- September 24, 2015
Get to Know Your Work
I decided to experiment with keeping a journal of my projects: an iterative, running log that captures all the small day-to-day decisions made internally or with the client, in one place. It began as a way to keep myself more organized, but I’ve noticed a few benefits to this practice, and overall, it’s been a way for me to get to know my work much better. Unexpectedly, presenting my design work has become much easier, as this journaling has been a way for me to rehearse and commit to memory exactly what happens when anything is clicked, why I made each design decision, and how this will all come together in the CMS.
One of the biggest hurdles of creating an extensive design system is keeping track of all the small decisions that make up the full project. Throughout a project so many tiny bits of information are created, delivered, revised, and approved. These small decisions, in the form of design rationale, client feedback, and meeting notes, end up defining the larger project, and are usually collected in various Basecamp threads and emails. At the end of a project they are revisited in some type of formal documentation—as style guides, annotations, and/or a functional spec. But as I’ve worked on larger-scale projects that span a greater number of months, I’ve found the method of waiting til I’m finished designing to write down how things work no longer suits my project needs (and I wonder if it ever did?). Crucial details can be overlooked or forgotten.

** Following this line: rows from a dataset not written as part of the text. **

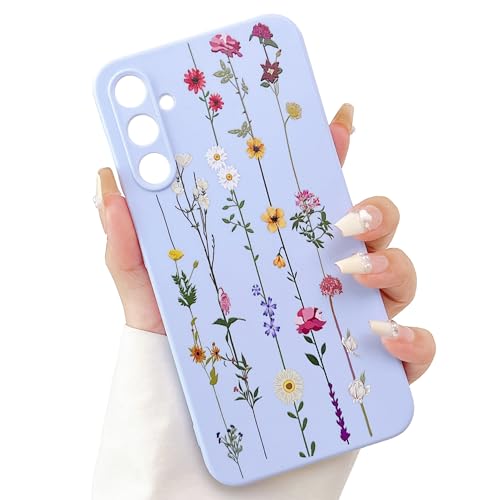 ZTOFERA Blumen Hülle Kompatibel mit Samsung Galaxy A55 5G für Mädchen Frauen, Flexibel Weiche Silikon Schutzhülle mit Cute Kletterblumen Muster Stoßfest Cover, Violett von ZTOFERA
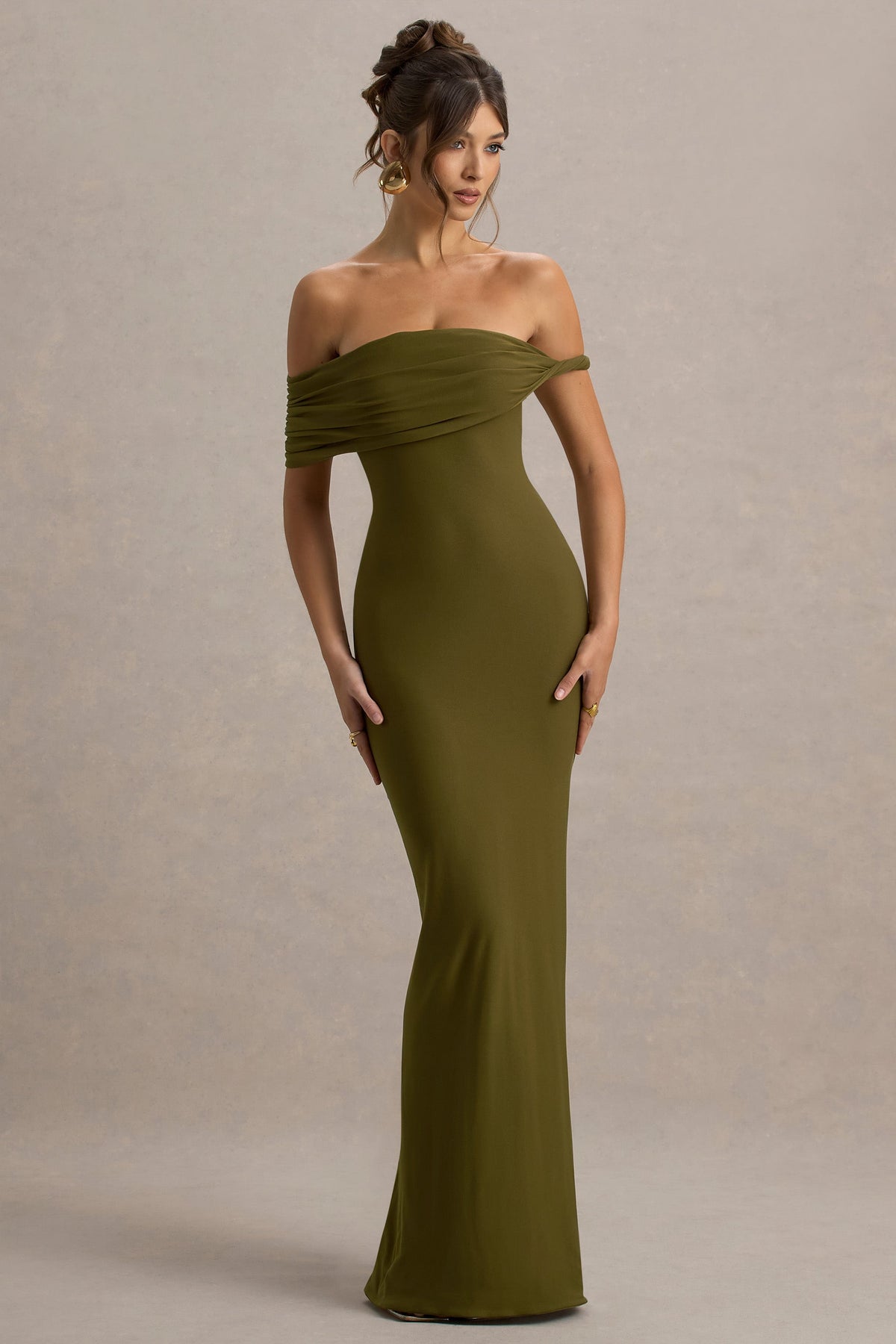 Melika | Green Twisted Bardot Maxi Dress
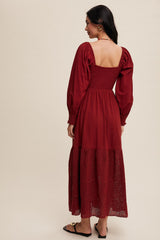 Burgundy Smocked Eyelet Lace Hem Maxi Dress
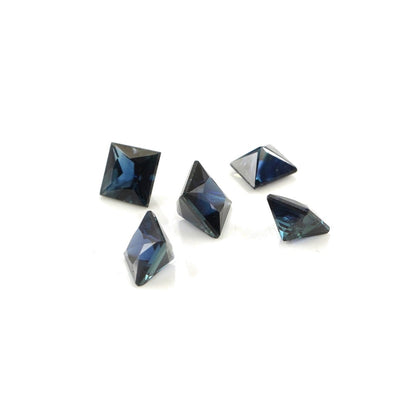 Natural Untreated Blue Sapphire Calibrated Squares | 4mm & 4.5mm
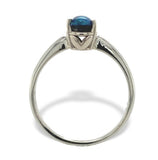 14k White Gold Australian .86ct Genuine Natural Black Opal Ring 5.75 (#J7397)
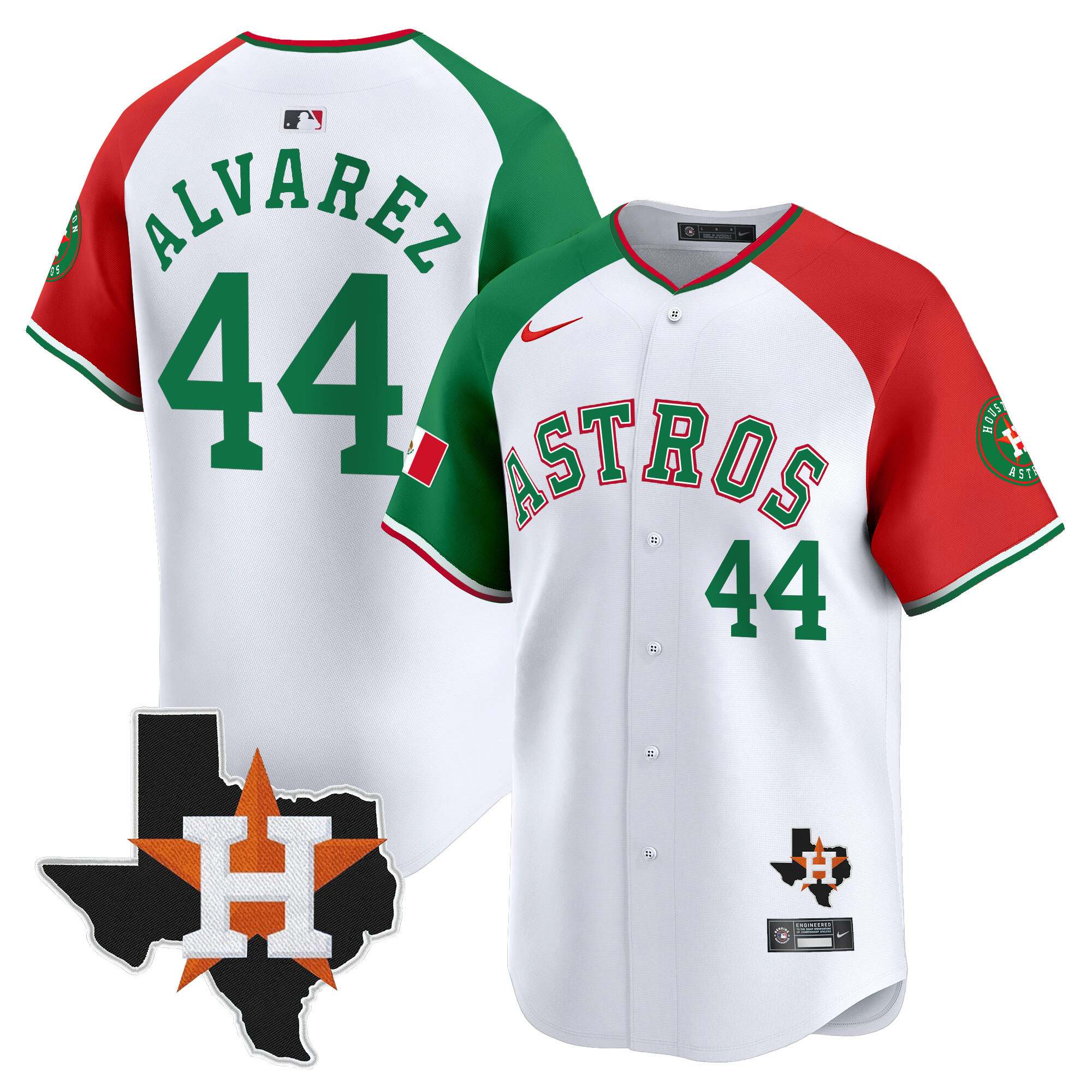 Men's Yordan ¡lvarez Houston Astros Mexico Texas Patch Vapor Premier Limited Alternate Jersey V4 - All Stitched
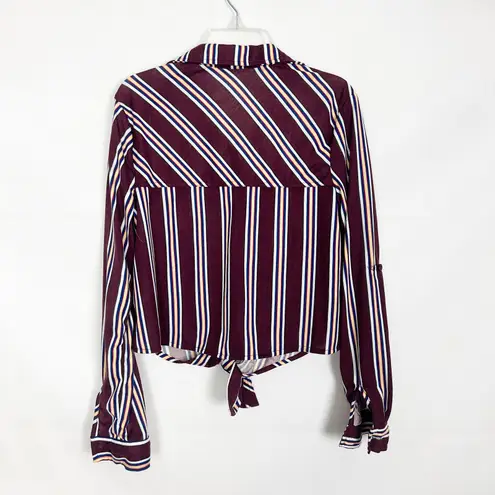 Passport Tie Front Button Down Striped Top Size XS Brown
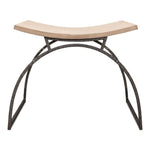 beige stool bench black iron frame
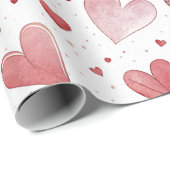 愛の水の色 – お洒落ハートパターン ラッピングペーパー (ロールコーナー)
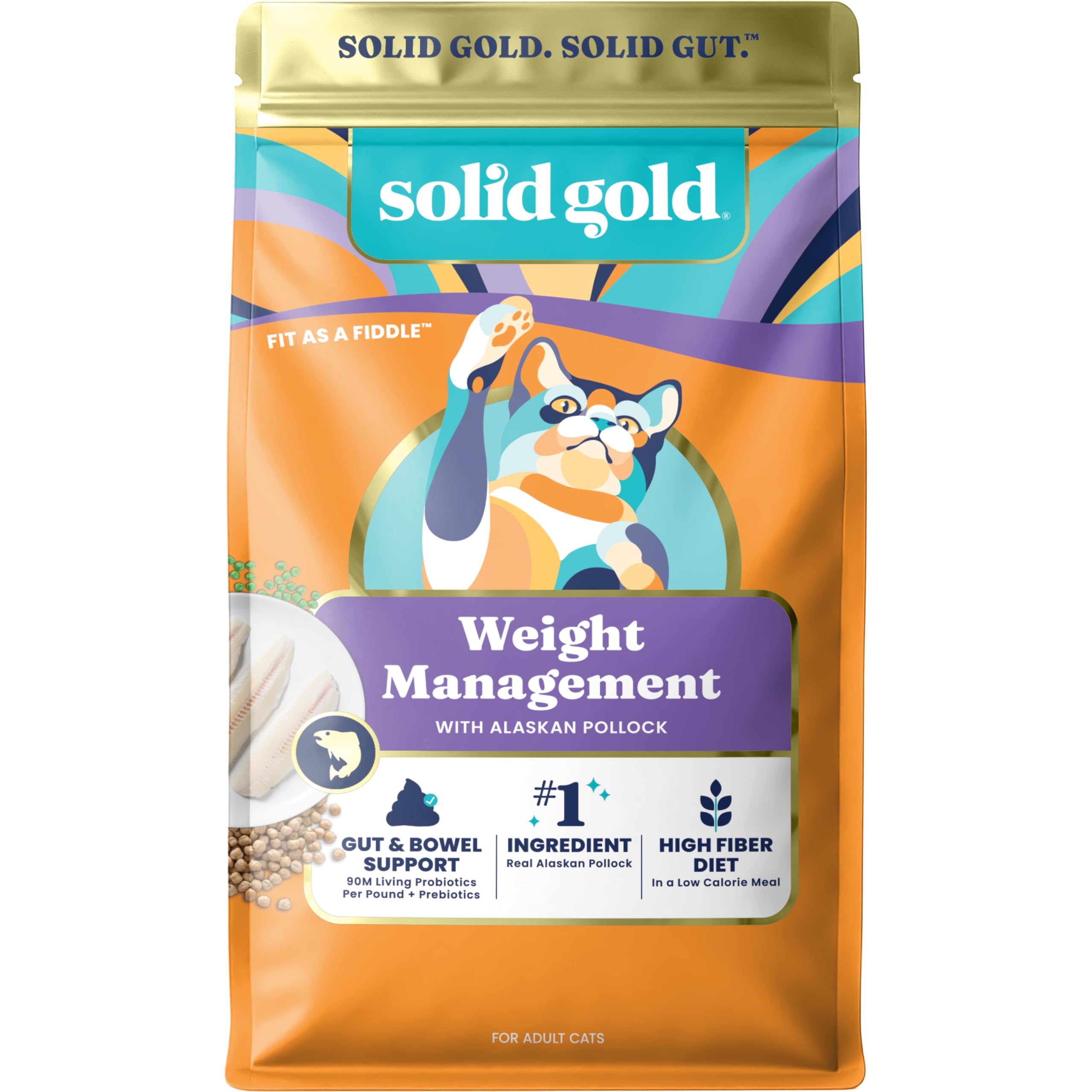 Solid Gold peso control para gatos adultos con bacalao de Alaska como ingrediente principal para apoyo de peso.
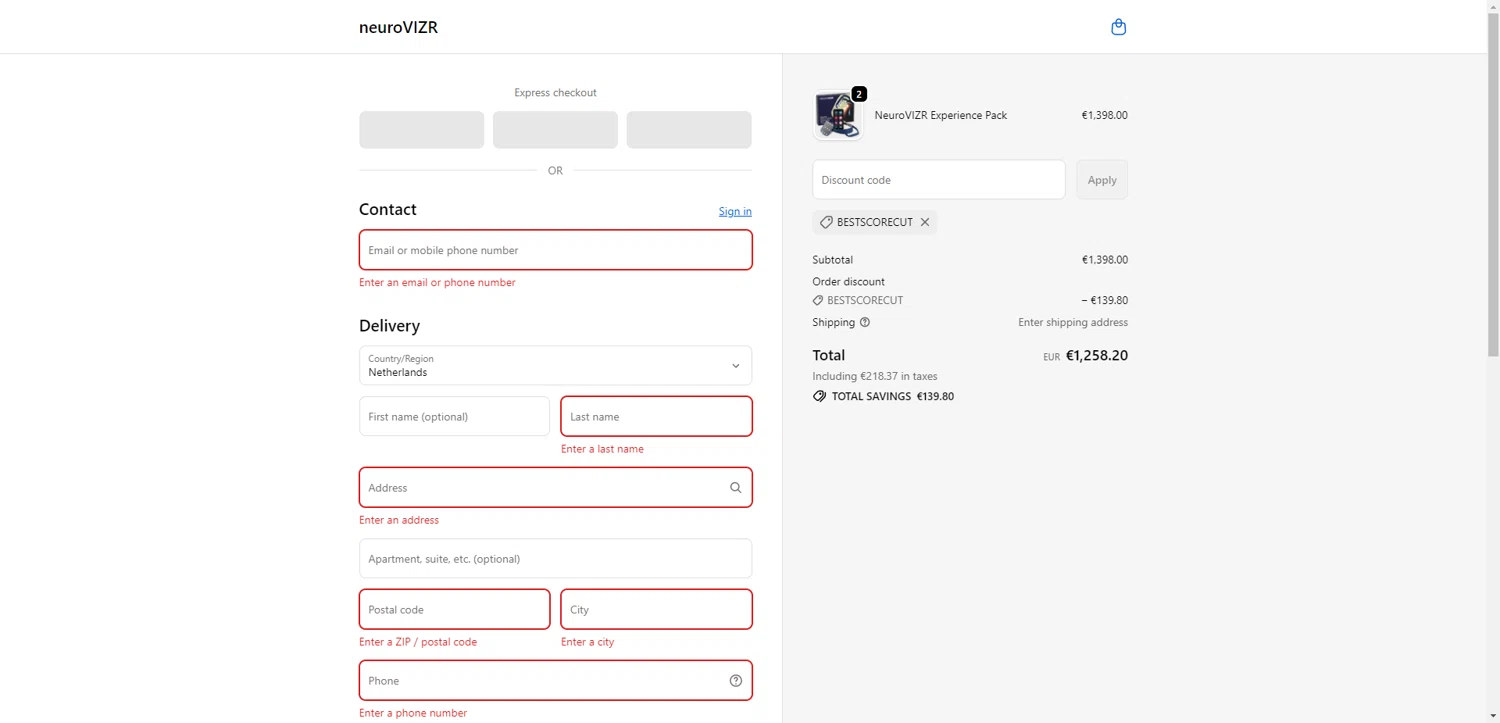 NeuroVizr discount code screenshot showing code bestscorecut applied at NeuroVizr checkout page. Uploaded by SimplyCodes community member PromoAdmiral6652 on Oct 22, 2025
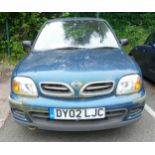 2002 Nissan Micra Vive car, 998cc DY02LJC not starting, been stood for over 12 months, 27,835
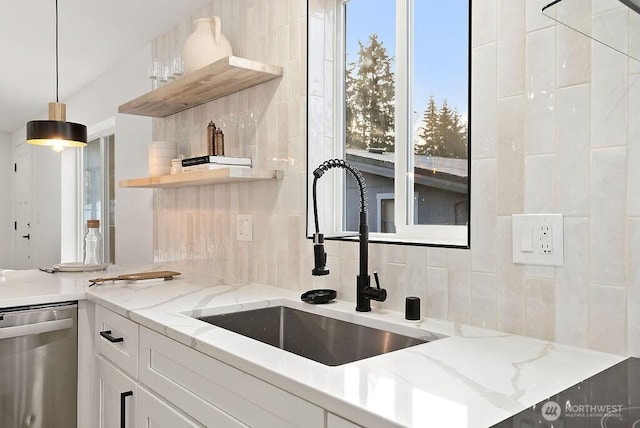 2500 S 370th Unit 227, Federal Way, WA 98003 - kitchen with dishwasher, tasteful backsplash, white cabinets, open shelves, and light stone countertops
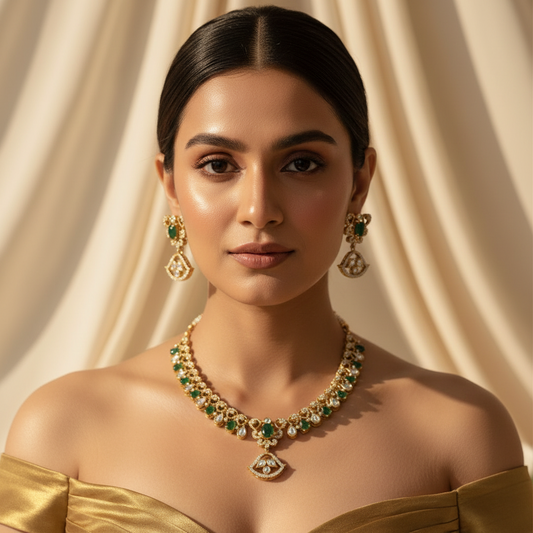 Ishani Kundan Necklace (Green)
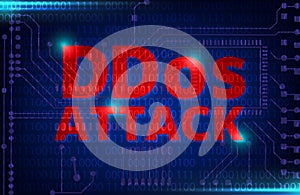 DDOS on a Digital Binary Warning above electronic circuit board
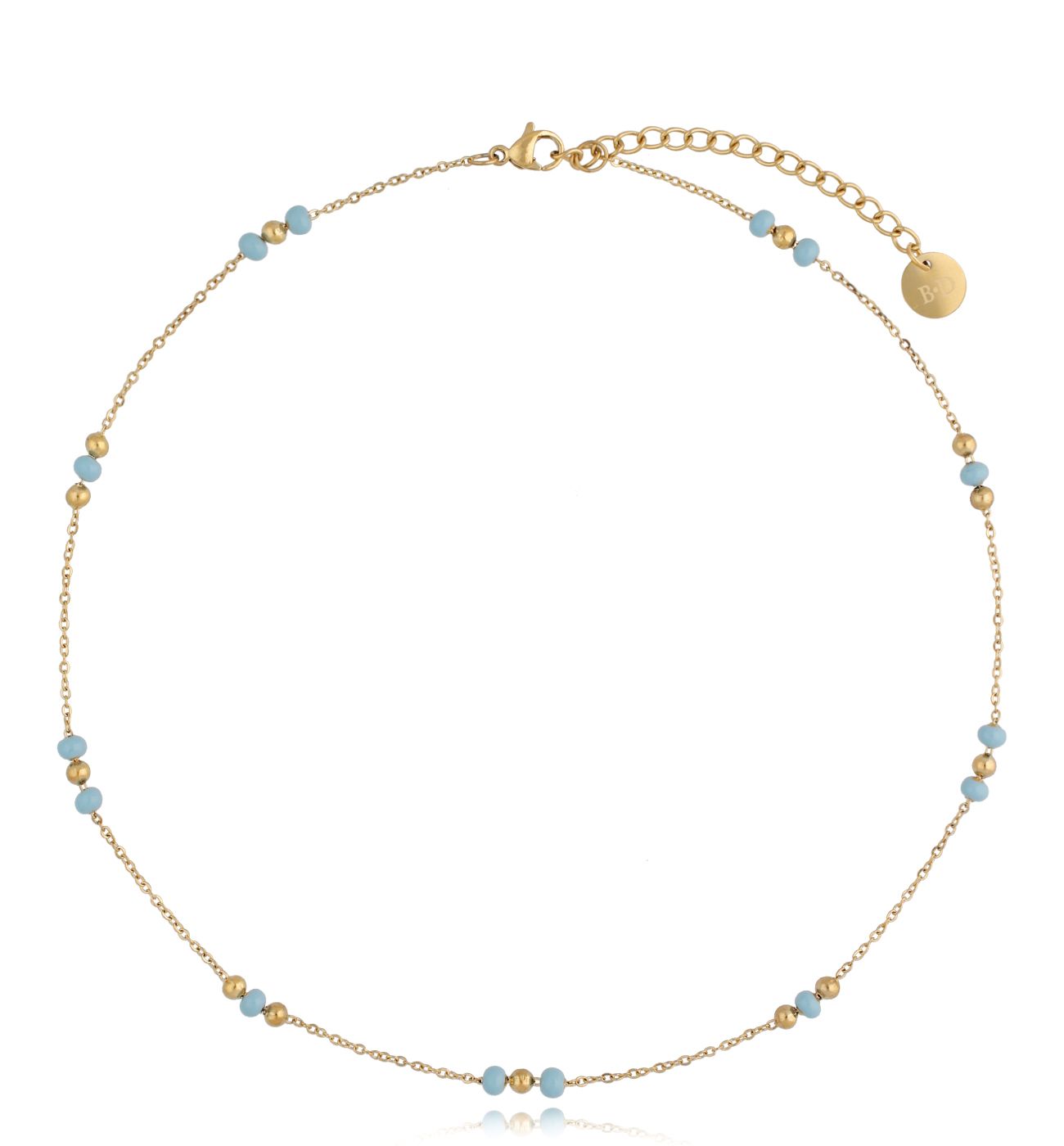 Naszyjnik z niebieskimi kuleczkami emaliowanymi Enamel Balls - By Dziubeka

As I go, I collect all these small decisions in one long Google Doc, which, for me, is convenient for ease of organization. For example, I paste in client feedback that doesn’t necessarily relate to design but will be important to keep in mind later for development. I write up my design rationale and functionality logic to be sure it all makes sense. A side benefit I’ve found when doing this is that putting these planned design interactions into words helps me rationalize my design decisions and find holes in my logic. I use this as an exercise in getting to know my own work better. Above all, compiling all these smaller parts helps me see patterns and not lose sight of the larger system.
Once that first chunk of my design system is fleshed out, it’s helpful to have a constantly-updating log of wayfinding, navigation, and functionality rules that I can reference at any point in the project. These pieces will typically help form the bones of a more formalized style guide.
Depending on the size of the project, timing for when to begin this log varies. I’ve found it helpful to begin just after approval of an initial design direction. This is a good time to write down my conceptual choices and my expectations for how things will begin to work—core concepts that I can come back to when I get stuck. After a few diverse pages are completed, it may be time to write about my type hierarchy and perhaps limit the number of colors I’m using. This is typically the most useful information to help get front-end development started more swiftly, since these stylistic building blocks are gathered in one place.
But since the log is only an internal draft, there’s enough wiggle room to change things if new styles or revisions are needed. The key is finding the balance between defining styles efficiently and defining them too early. I want flexibility and structure in equal measure, which can become challenging. It’s hard to know when in the design process it’s time to define design system styles in some sort of formalized documentation (for example, a style guide). Set everything in stone too early, and you’ve got a boring and limited design system on your hands—too late, and you’ll be herding cats later on, as you narrow down oodles of typography and link styles.
As it stands, my running notes are only used for internal reference, but in the future, I hope to find a way to turn them into a more collaborative process. Since the full Google Doc is often too much information when shared all at once, I’ve found it best to pull apart this document near the beginning of front-end development. This allows me to surface exact design styles as a style guide draft, but keep more detailed functionality notes as a personal reference tool for writing annotations and answering QA questions. Setting important snippets of information aside as they come in has been helpful to me as an internal tool, saving me hours later down the line when it’s time to confidently communicate design decisions to whomever else will help maintain the system in the future.